### WORK REQUIRED
All that is needed is an exact repetition of the lines from the one containing "Rolls-Royce Silver Cloud" through the final line of the material, without pictures.

### GIVEN INFORMATION
○ ○ ○ ○
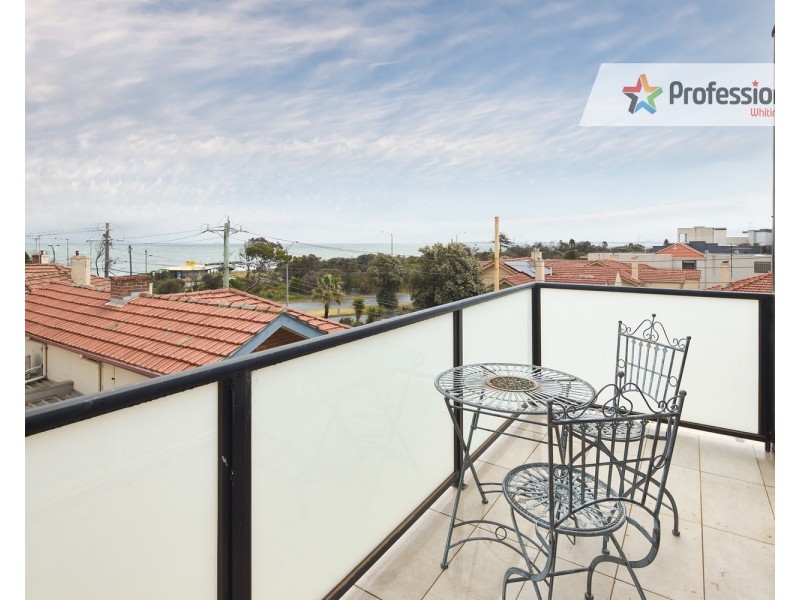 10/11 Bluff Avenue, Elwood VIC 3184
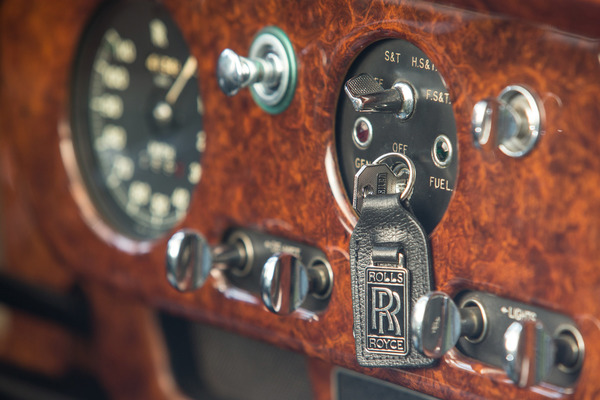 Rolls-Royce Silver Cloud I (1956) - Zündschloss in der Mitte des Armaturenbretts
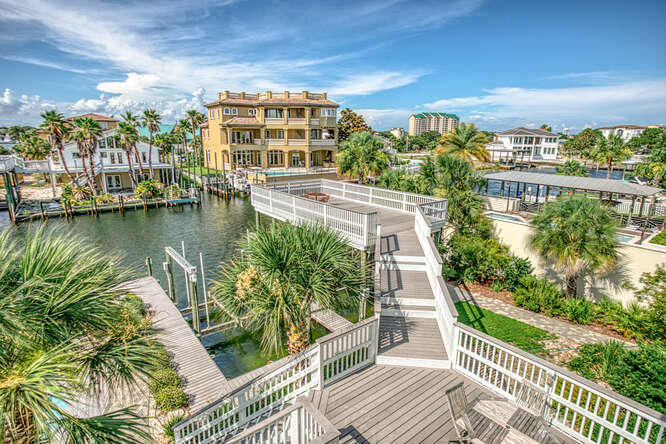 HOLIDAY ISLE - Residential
○ ○ ○ ○
### RESULT OF THIS TASK
 Rolls-Royce Silver Cloud I (1956) - Zündschloss in der Mitte des Armaturenbretts
 HOLIDAY ISLE - Residential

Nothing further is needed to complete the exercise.